RECORDS SUPPLIED below:

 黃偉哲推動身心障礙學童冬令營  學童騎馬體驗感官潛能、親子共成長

End of RECORDS SUPPLIED.
RECORDS SUPPLIED below:

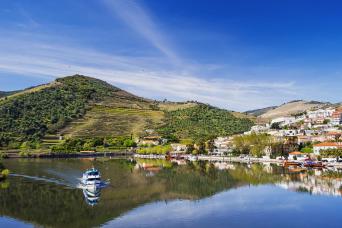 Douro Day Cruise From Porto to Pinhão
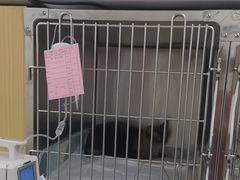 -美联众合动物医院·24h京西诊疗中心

End of RECORDS SUPPLIED.

> WHAT IS EXPECTED
Each line above that falls between the line with "Douro Day Cruise From Porto to Pinhão" and the line with "-美联众合动物医院·24h京西诊疗中心" should be printed exactly, together with those two lines, but the pictures should not.

> EXERCISE SOLUTION
 Douro Day Cruise From Porto to Pinhão
 -美联众合动物医院·24h京西诊疗中心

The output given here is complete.